_WORK REQUEST_: Output every record verbatim, and omit each picture.

-- SUPPLIED RECORDS follows --

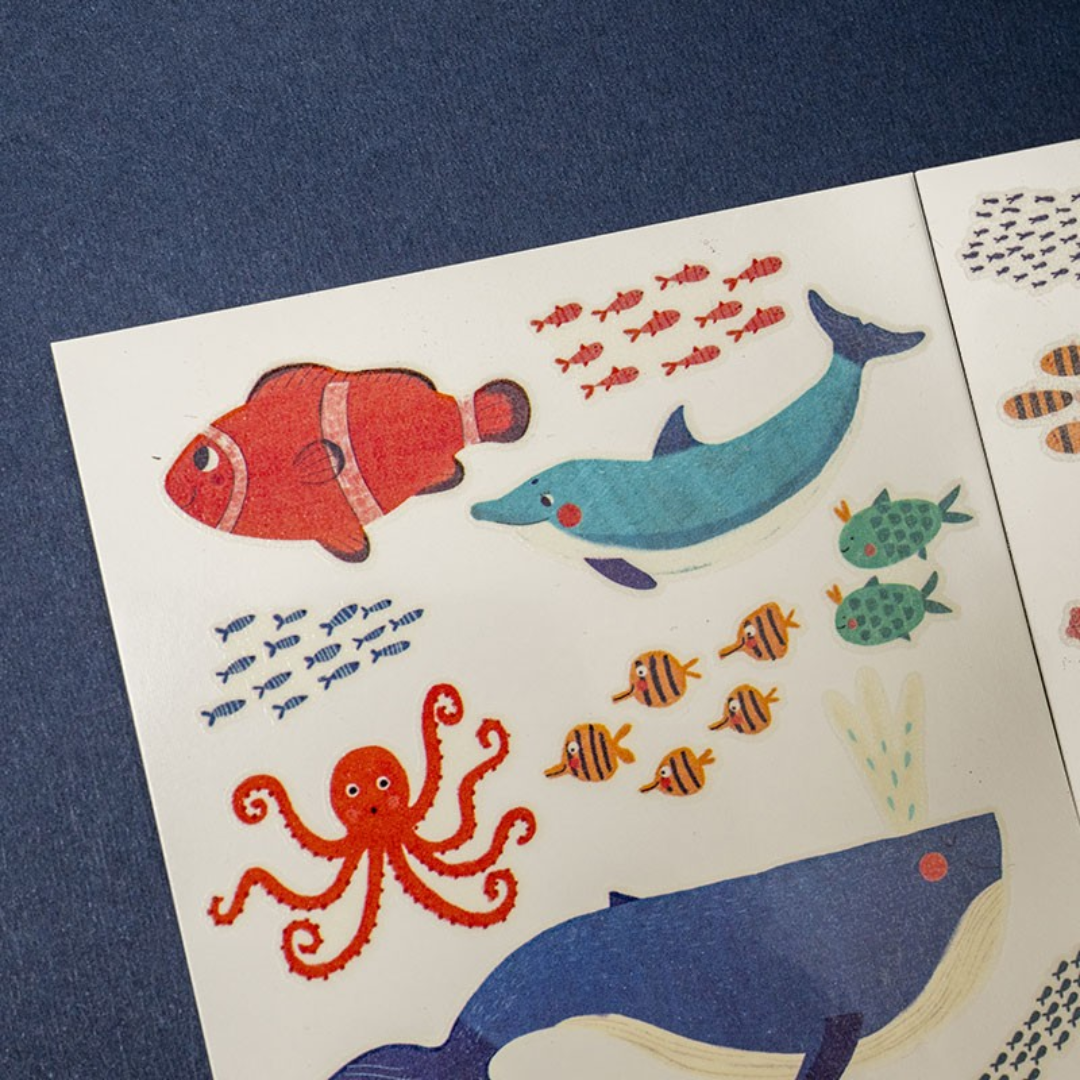 Londji Blue lemosható gyerek tetoválás hal és polip mintákkal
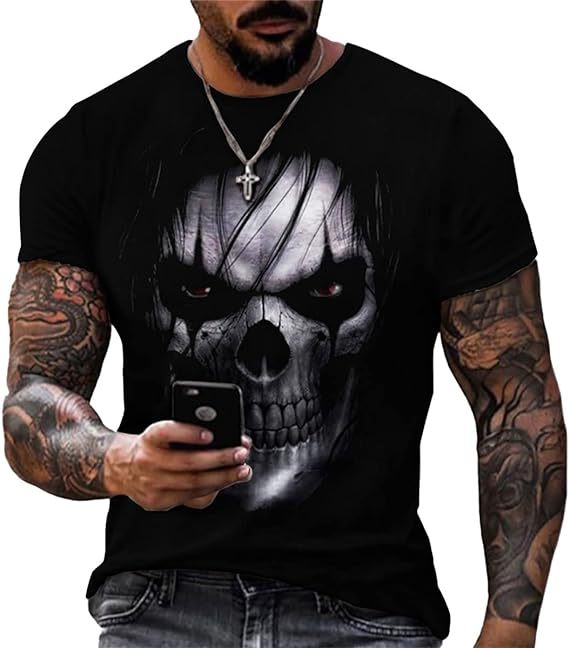 Printed Men's Short Sleeve Skull Head Round Neck T-shirt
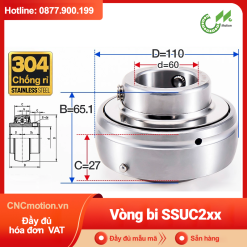 Vòng bi gối Inox 304 SSUC2xx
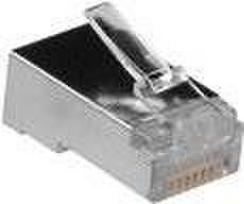 ACT RJ45 (8P/8C) shielded modulaire connector for round cable with solid conductors. Suitable for: Solid cable Rj45 plug cat3 shielded round (TD108B)
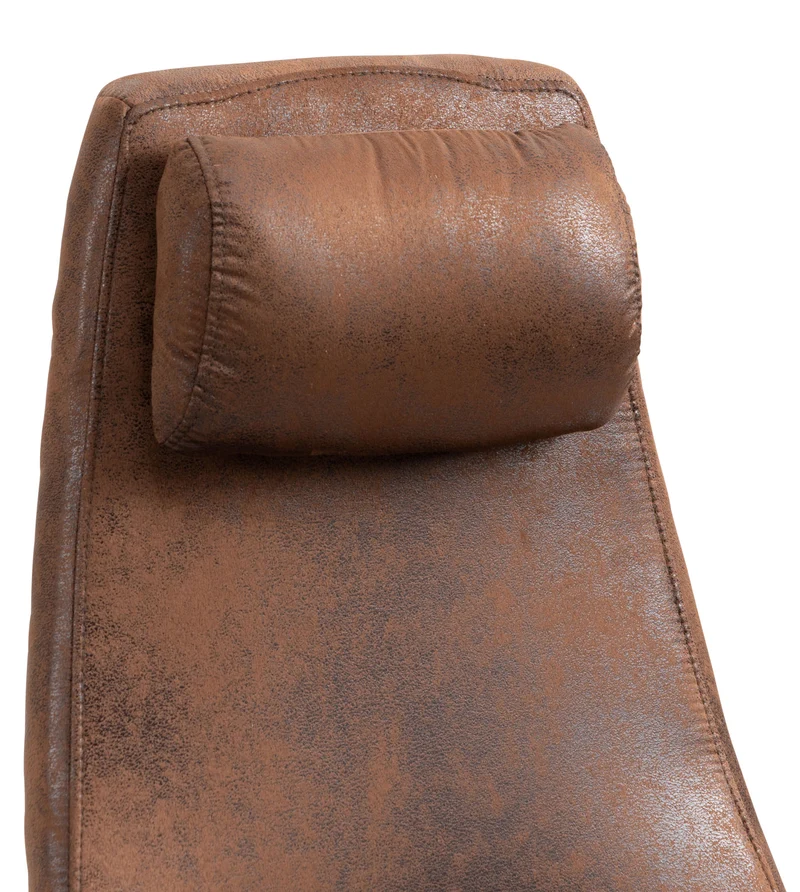 Fauteuil de bureau industriel vintage sur roulettes en synthétique marron vieilli pivotant et réglable BUR10687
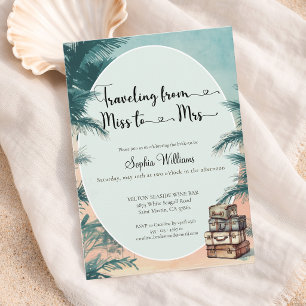 Invitation Voyage de Miss à Mrs shower tropical de mariage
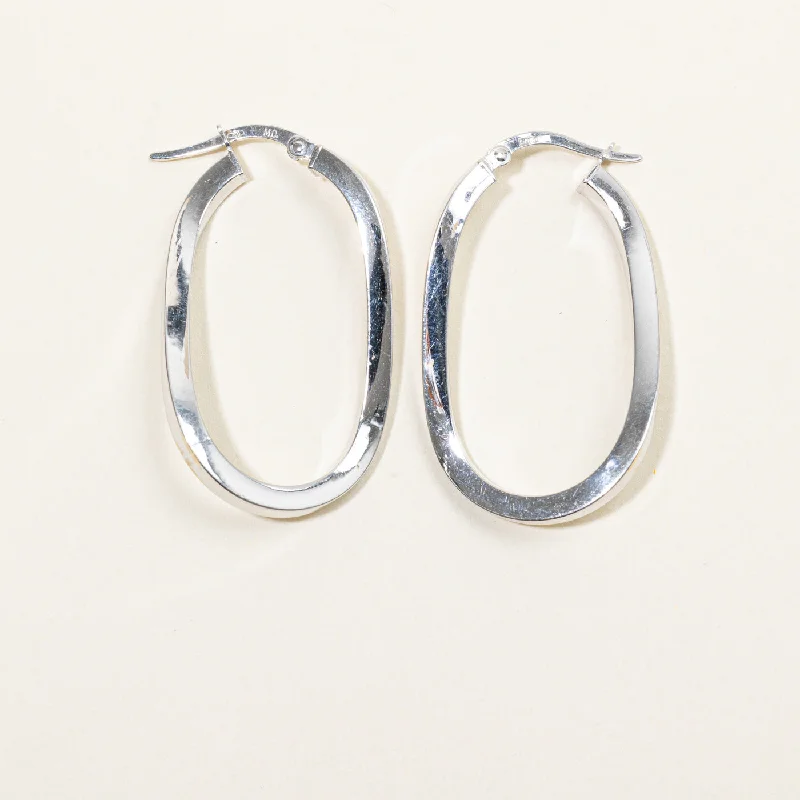 Elegant Jewelry At Unbeatable Offers – Shop Before It's Gone 18k White Gold Oval Hoop Earrings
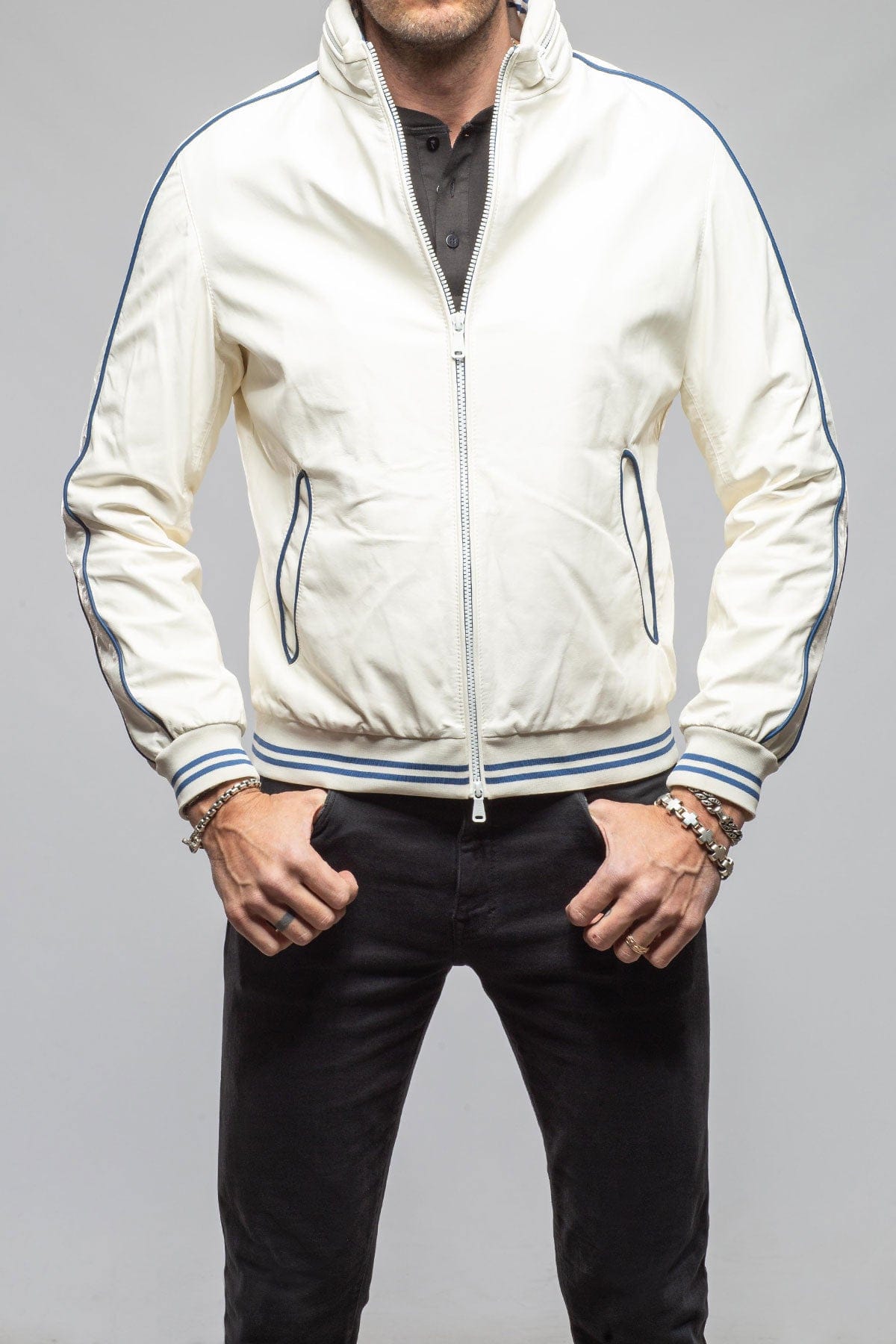 LS Race Jacket In White - AXEL'S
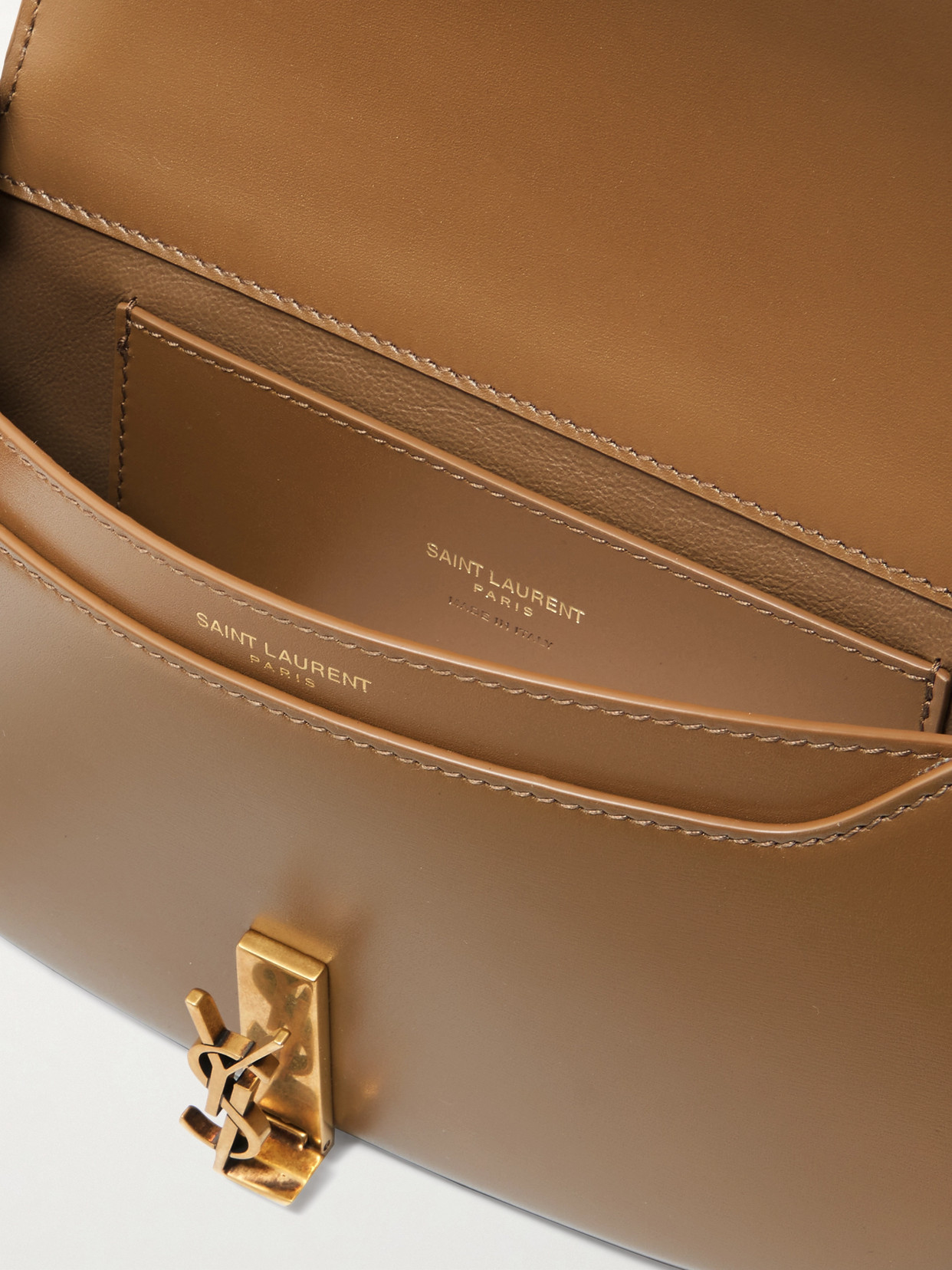 Saint Laurent Voltaire Mini Leather Shoulder Bag In Brown
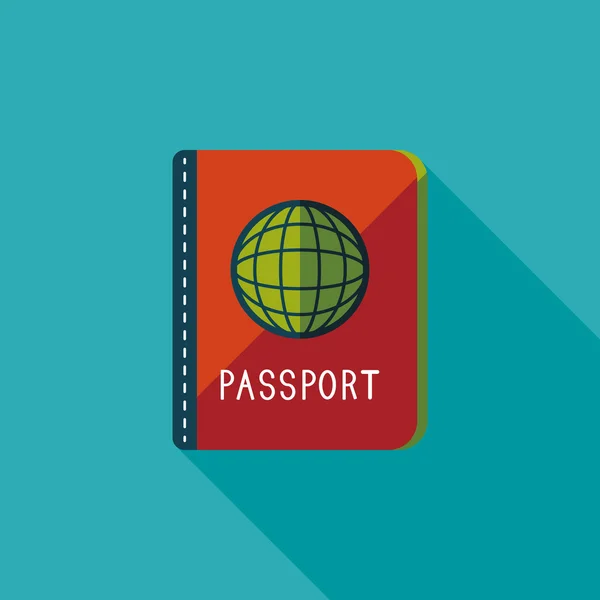 Διαβατήριο εικονίδιο, επίπεδη εικόνα με πολύ σκιά — Διανυσματικό Αρχείο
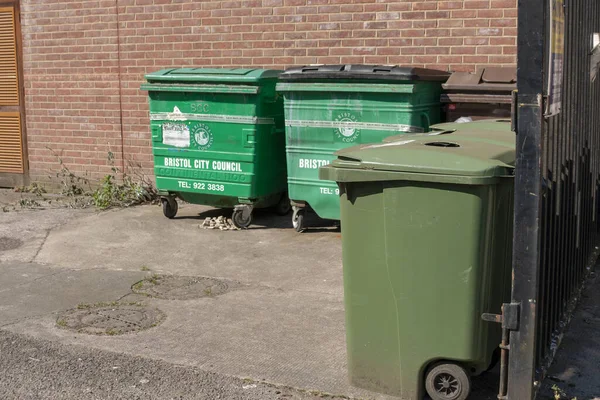 Bristol Mars 2020 Angleterre Une Vue Rapprochée Des Poubelles Conseil — Photo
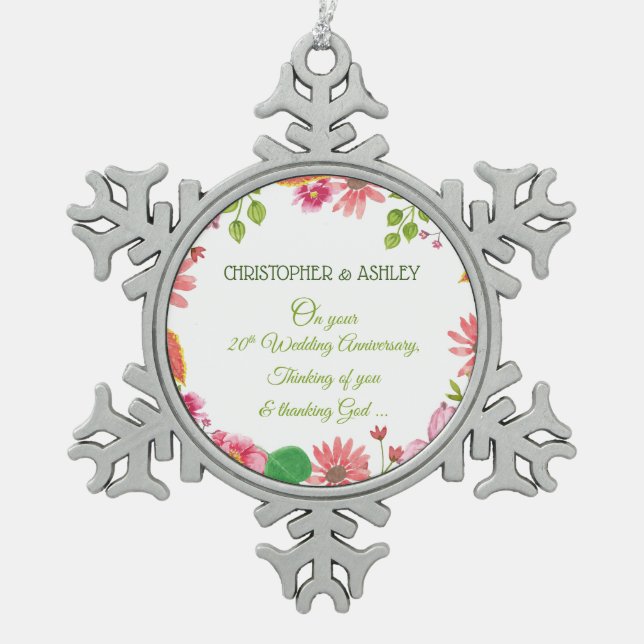 Religious 20th Wedding Anniversary Flowers Snowflake Pewter Christmas Ornament (Front)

-- SUPPLIED RECORDS concluded --

_WRITTEN SOLUTION_:
 Londji Blue lemosható gyerek tetoválás hal és polip mintákkal
 Printed Men's Short Sleeve Skull Head Round Neck T-shirt
 Vòng bi gối Inox 304 SSUC2xx
 ACT RJ45 (8P/8C) shielded modulaire connector for round cable with solid conductors. Suitable for: Solid cable Rj45 plug cat3 shielded round (TD108B)
 Fauteuil de bureau industriel vintage sur roulettes en synthétique marron vieilli pivotant et réglable BUR10687
 Invitation Voyage de Miss à Mrs shower tropical de mariage
 Elegant Jewelry At Unbeatable Offers – Shop Before It's Gone 18k White Gold Oval Hoop Earrings
 LS Race Jacket In White - AXEL'S
 Saint Laurent Voltaire Mini Leather Shoulder Bag In Brown
 Διαβατήριο εικονίδιο, επίπεδη εικόνα με πολύ σκιά — Διανυσματικό Αρχείο
 Bristol Mars 2020 Angleterre Une Vue Rapprochée Des Poubelles Conseil — Photo
 Religious 20th Wedding Anniversary Flowers Snowflake Pewter Christmas Ornament (Front)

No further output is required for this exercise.